Vishwa Jain Sangathan
- The symbol of Jainism, the Jain Prateek Chihna
- zone of influence
- Formation: 1 January 2005; 21 years ago
- Type: Jain religious organization
- Purpose: Religious, Political, Non Profit
- Headquarters: New Delhi India
- Region served: India
- Official language: Hindi and English
- Chairman: Sanjay Ji Jain
- National General Secretary: Sudeep Ji Jain
- Key people: Various Jains
- Main organ: Board of directors
- Affiliations: Various Jain organizations

= Vishwa Jain Sangathan =

Religious and social service organization of Jains in India

Vishwa Jain Sangathan (VJS) is a religious and social service organization of Jains in India. Amongst other things, it was involved in the Jain minority campaign.

==History==
The organization was founded in 2005 in Delhi. It organizes various conferences that revolve around Jain community issues.

==Issues==
===Jain minority===
The organization has been involved in securing the status of an independent and minority religion for Jainism in India. It submitted a petition to the Delhi Government which played a part in Jains getting declared as a minority in Delhi. The organization has also presented memorandums to the Punjab Government for providing the status of a religious minority to Jains in Punjab.
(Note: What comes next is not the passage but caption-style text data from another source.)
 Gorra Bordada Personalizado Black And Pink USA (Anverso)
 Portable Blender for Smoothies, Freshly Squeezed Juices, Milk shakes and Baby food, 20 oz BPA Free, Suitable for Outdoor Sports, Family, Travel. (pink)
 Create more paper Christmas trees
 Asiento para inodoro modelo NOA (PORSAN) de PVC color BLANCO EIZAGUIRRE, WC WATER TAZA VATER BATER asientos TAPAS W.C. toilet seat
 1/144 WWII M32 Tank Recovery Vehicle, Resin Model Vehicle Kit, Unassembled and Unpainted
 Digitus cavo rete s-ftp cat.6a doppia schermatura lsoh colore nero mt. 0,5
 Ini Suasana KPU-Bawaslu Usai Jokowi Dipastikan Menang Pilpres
The organization also stages protests and rallies to highlight their cause.

===Lucknow idol desecration===
VJS also actively protested the desecration of Mahavira's idol in Lucknow.

===Others===
The organization has also campaigned on a number of other issues, including the "Arihant Exports" name issue, Qutub Minar Jain museum, January 2013 attack on Muni Prabalsagar at Girnar etc.